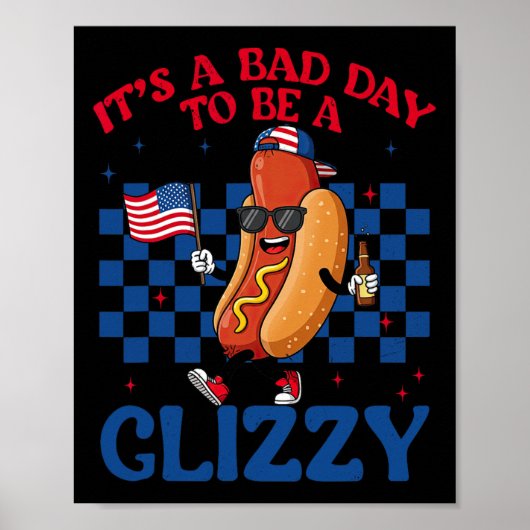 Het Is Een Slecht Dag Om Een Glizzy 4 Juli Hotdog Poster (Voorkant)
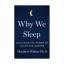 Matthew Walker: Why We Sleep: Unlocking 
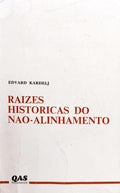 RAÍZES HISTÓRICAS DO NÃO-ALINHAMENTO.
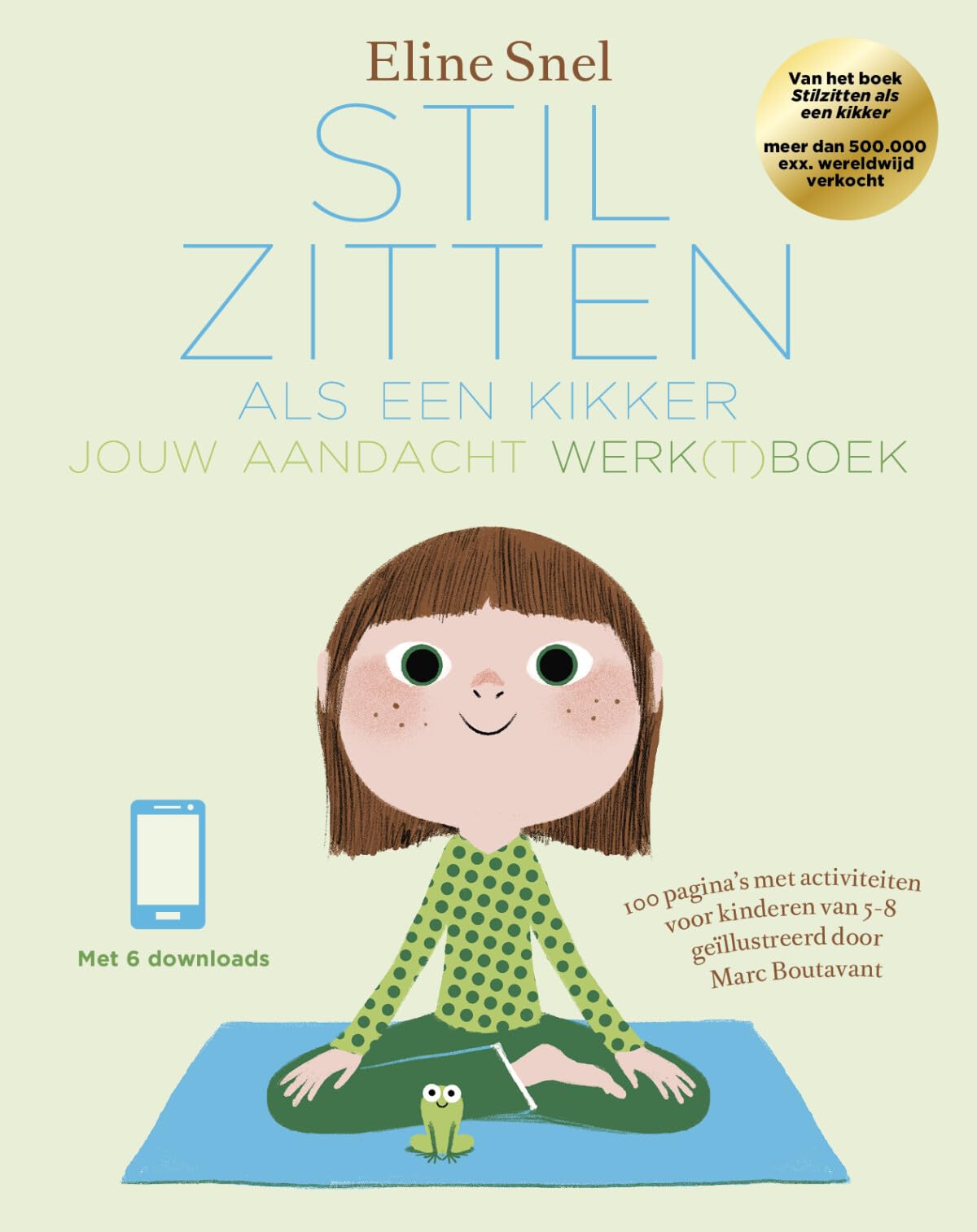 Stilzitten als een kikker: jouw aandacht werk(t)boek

•••••

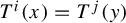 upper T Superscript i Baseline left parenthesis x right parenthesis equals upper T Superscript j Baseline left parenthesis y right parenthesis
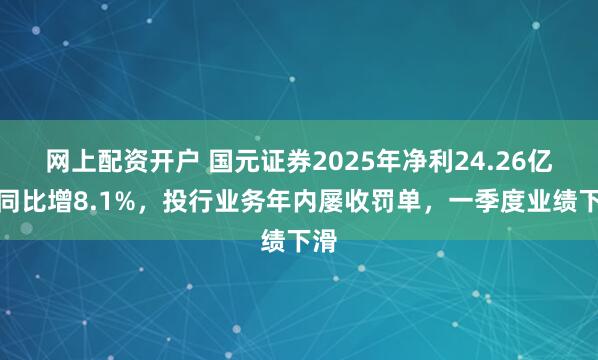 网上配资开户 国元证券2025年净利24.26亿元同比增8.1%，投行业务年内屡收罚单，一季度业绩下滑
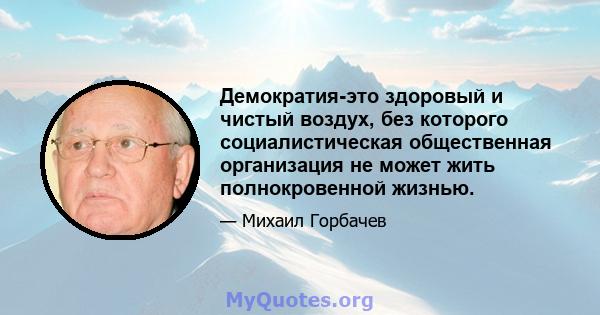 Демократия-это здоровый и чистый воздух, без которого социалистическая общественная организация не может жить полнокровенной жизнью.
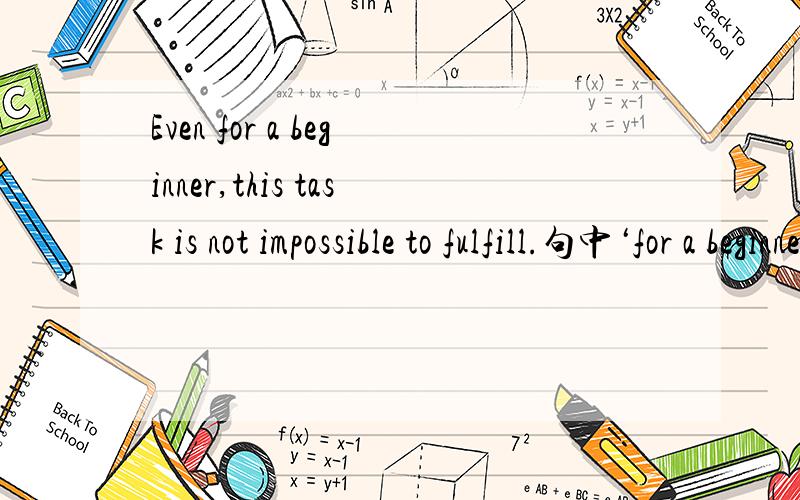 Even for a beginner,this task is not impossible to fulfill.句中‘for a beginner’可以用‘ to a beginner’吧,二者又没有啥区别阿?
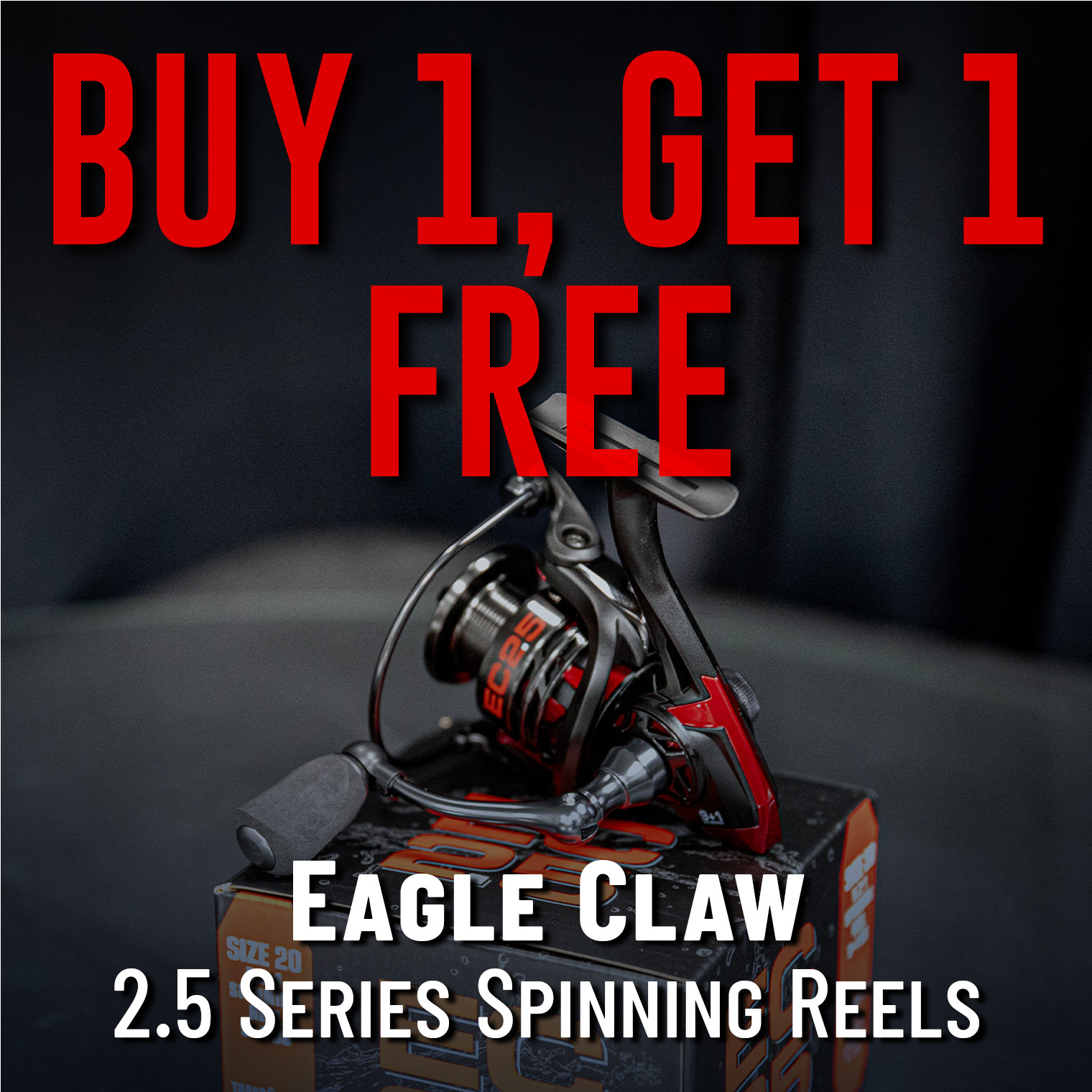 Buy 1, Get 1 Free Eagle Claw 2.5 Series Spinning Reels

•••••

→ TASK ITEM
When copying from the data above, print only the lines from the line containing "Het Is Een Slecht" to the line containing "Stilzitten als een", exactly, and leave the pictures out.

→ PROBLEM SOLUTION
 Het Is Een Slecht Dag Om Een Glizzy 4 Juli Hotdog Poster (Voorkant)
 Matthew Walker: Why We Sleep: Unlocking 
 RAÍZES HISTÓRICAS DO NÃO-ALINHAMENTO.
 Stilzitten als een kikker: jouw aandacht werk(t)boek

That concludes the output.